Grounded answer provided using Knowledge Base linked to an agent in Microsoft Foundry.

Below is a proof, that the Knowledge Base that we linked was used by the agent ( via MCP call).

Conversation logs which prove that agent called a Knowledge Base via MCP.

That is all! The agent is ready to be published and exposed in Microsoft 365 Copilot or via Microsoft Teams.

You can now let your colleagues know that they can interact with the entire organization’s knowledge, not just a single data source with PDF files.

Is Foundry IQ right for you?

I think this is an important question to answer. Foundry IQ is a great choice when you already have data stored in various places within the Azure and Microsoft ecosystem (like Azure Storage, OneLake, and SharePoint). It is also a fantastic option if you want easy connections to Web Search, remote SharePoint calls, and MCP.

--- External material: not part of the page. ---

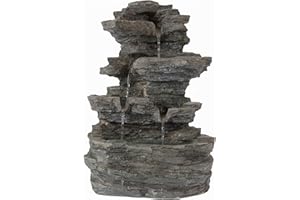 Pure Garden Tabletop Water Fountain with Cascading Rock and LED Lights - Tiered Stone (Office Patio and Home DÃcor)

One of the biggest benefits is that even if you are unfamiliar with Azure AI Search, all the data ingestion pipelines are created automatically for you (Data Source, Indexer, Skillset, Index resources).

However, there are a few scenarios where it might not be the best fit:

  • External Data: If you don’t store any data within the Microsoft and Azure ecosystem yet, this service will likely be less appealing.
  • Full Control: If you want to have full control over the agentic retrieval pipeline, this is not for you. You can only control a few basic aspects of the workflow, as Foundry IQ is designed to handle the complexity for you.

Summary

I hope that this post helped you to build a general understanding of Foundry IQ and that terms like Knowledge Base and Knowledge Source are understandable to you now. I also believe that the perspective of building a powerful agent based on your organization’s data within a day or two (at least as a PoC) seems doable to you now.

This is just an intro to the Foundry IQ topic, if you are interested in the technical details, there is a separate blog post about it.

Thanks for reading and see you in the next post.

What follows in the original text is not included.